→ **What you have to do**: Return the data below exactly, but only from the line containing "Axcel TriLock Double" through the line containing "67 Ford Mustang", with both of those lines included.

====

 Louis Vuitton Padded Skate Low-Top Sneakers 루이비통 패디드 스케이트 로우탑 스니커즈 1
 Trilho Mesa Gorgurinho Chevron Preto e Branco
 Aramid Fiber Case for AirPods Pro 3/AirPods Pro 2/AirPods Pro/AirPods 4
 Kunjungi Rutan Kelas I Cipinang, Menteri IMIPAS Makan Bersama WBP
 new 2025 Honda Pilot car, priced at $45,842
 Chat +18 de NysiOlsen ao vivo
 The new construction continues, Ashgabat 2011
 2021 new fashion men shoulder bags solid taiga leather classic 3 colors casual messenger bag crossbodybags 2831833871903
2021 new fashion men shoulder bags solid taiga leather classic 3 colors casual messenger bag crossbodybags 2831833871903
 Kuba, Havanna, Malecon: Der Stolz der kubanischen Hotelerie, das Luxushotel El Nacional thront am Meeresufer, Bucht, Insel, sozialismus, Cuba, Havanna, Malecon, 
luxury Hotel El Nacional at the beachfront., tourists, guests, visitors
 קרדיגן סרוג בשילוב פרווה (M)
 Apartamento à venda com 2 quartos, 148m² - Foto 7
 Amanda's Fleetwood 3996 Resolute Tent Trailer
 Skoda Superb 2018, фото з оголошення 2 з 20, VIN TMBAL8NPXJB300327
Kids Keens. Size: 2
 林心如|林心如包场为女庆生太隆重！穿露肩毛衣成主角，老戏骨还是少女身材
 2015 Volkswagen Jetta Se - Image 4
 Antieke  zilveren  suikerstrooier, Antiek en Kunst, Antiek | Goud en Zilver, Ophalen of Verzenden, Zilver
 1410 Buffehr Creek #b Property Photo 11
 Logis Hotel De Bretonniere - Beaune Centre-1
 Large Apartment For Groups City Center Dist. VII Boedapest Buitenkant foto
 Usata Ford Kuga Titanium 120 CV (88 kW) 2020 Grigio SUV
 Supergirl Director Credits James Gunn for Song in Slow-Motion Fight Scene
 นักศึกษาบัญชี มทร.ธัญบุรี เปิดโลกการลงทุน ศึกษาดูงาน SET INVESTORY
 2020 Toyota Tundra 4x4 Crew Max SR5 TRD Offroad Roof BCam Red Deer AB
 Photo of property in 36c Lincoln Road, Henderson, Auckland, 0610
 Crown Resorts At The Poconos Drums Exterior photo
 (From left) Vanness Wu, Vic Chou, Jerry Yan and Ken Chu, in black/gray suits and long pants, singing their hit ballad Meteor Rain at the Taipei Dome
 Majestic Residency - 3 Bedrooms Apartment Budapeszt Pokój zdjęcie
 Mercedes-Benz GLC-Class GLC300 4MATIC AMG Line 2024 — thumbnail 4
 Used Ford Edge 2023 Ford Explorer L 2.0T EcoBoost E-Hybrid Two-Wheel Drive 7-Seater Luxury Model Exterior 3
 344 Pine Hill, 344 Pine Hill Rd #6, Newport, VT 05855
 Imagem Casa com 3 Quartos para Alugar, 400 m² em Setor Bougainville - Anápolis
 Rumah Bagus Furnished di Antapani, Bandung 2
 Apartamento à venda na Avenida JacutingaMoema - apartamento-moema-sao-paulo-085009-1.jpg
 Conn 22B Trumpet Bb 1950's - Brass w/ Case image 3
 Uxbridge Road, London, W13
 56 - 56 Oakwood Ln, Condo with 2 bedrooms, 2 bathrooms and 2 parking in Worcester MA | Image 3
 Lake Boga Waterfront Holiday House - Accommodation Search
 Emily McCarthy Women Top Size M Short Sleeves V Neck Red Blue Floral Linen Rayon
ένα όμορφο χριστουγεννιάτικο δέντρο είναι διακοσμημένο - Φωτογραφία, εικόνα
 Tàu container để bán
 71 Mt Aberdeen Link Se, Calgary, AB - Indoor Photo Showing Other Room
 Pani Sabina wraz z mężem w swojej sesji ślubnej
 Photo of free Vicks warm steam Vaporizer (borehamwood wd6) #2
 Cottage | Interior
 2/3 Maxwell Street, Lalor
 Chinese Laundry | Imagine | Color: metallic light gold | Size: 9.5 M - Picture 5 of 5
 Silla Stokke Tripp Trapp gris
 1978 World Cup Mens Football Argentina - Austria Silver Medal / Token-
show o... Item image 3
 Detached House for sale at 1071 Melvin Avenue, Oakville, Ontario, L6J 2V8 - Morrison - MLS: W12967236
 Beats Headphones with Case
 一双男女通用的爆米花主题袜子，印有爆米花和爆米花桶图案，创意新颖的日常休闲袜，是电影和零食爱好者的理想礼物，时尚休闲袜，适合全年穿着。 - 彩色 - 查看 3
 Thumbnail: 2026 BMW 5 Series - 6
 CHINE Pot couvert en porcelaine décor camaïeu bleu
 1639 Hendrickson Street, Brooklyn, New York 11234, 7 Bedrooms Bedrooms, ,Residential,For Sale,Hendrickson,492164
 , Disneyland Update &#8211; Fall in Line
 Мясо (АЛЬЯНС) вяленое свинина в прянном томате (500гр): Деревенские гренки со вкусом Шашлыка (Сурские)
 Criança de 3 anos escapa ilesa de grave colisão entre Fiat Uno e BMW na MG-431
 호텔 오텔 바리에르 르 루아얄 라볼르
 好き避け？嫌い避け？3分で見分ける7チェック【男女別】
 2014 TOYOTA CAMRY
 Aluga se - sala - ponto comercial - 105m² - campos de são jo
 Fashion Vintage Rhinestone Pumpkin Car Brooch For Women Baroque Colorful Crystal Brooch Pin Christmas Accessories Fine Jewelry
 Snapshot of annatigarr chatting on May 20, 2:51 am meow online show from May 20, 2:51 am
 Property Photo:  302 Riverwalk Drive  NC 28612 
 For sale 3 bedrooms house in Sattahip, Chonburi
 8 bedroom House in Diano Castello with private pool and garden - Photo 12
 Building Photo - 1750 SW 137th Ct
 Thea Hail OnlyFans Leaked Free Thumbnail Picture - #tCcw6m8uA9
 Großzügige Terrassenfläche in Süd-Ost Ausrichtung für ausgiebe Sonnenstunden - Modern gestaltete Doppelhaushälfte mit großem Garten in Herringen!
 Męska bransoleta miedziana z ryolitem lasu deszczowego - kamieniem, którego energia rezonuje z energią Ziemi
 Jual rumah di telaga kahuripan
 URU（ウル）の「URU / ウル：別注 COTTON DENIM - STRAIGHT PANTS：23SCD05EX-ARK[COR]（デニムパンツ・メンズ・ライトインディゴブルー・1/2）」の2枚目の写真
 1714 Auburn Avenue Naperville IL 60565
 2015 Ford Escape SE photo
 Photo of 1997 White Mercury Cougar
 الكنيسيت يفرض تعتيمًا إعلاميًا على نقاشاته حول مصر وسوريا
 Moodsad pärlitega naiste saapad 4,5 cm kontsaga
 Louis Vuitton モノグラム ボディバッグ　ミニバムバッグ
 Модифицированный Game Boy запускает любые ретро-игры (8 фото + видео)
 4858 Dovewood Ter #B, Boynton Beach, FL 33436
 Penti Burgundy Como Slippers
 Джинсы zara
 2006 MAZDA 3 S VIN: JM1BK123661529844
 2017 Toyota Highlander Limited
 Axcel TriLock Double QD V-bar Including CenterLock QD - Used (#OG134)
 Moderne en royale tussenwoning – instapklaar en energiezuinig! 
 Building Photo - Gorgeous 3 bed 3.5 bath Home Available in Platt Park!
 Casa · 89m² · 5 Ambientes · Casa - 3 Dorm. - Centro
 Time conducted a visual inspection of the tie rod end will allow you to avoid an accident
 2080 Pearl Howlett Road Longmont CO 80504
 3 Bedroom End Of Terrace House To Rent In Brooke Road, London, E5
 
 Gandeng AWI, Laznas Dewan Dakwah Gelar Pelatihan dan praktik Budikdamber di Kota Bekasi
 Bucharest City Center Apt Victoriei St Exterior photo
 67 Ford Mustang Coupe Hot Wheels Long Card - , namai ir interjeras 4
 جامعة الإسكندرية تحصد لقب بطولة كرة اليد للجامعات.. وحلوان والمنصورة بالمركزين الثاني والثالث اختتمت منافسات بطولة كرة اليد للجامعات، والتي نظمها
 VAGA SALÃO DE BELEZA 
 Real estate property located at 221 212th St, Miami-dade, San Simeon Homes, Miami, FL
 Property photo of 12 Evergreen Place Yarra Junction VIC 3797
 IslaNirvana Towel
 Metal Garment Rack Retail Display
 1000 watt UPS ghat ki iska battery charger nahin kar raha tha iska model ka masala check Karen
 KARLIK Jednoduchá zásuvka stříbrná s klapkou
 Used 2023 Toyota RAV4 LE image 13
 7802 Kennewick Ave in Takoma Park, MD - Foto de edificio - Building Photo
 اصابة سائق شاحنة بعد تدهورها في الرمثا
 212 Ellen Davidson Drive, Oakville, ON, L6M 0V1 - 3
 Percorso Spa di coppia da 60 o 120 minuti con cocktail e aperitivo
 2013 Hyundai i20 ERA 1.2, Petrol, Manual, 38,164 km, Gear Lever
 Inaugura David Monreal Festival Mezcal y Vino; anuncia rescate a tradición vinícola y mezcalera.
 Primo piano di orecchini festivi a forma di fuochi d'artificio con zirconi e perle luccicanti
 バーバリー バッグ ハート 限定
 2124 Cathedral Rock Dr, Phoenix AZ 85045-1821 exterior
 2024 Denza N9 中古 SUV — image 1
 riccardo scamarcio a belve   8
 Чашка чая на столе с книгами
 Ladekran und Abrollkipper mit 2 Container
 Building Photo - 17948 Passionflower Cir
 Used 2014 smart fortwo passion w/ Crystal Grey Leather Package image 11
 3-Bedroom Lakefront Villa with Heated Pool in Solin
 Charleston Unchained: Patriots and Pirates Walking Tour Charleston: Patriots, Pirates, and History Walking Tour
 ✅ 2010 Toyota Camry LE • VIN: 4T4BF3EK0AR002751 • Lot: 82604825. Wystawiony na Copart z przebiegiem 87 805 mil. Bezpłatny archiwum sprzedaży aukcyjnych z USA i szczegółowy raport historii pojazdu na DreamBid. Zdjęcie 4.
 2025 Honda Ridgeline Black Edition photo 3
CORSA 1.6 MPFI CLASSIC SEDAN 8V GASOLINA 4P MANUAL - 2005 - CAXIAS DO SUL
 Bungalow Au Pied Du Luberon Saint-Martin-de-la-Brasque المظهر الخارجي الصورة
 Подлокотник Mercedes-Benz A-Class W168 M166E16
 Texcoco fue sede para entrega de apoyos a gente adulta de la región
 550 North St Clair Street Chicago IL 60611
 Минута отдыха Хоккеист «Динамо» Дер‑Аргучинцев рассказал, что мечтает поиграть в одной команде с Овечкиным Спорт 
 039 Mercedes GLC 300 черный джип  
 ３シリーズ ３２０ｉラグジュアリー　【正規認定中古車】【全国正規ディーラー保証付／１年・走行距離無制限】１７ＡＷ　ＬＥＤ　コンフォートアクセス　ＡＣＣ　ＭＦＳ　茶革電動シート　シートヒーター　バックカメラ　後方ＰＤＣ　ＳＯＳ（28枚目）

====

→ **Reply**:
 Axcel TriLock Double QD V-bar Including CenterLock QD - Used (#OG134)
 Moderne en royale tussenwoning – instapklaar en energiezuinig! 
 Building Photo - Gorgeous 3 bed 3.5 bath Home Available in Platt Park!
 Casa · 89m² · 5 Ambientes · Casa - 3 Dorm. - Centro
 Time conducted a visual inspection of the tie rod end will allow you to avoid an accident
 2080 Pearl Howlett Road Longmont CO 80504
 3 Bedroom End Of Terrace House To Rent In Brooke Road, London, E5
 
 Gandeng AWI, Laznas Dewan Dakwah Gelar Pelatihan dan praktik Budikdamber di Kota Bekasi
 Bucharest City Center Apt Victoriei St Exterior photo
 67 Ford Mustang Coupe Hot Wheels Long Card - , namai ir interjeras 4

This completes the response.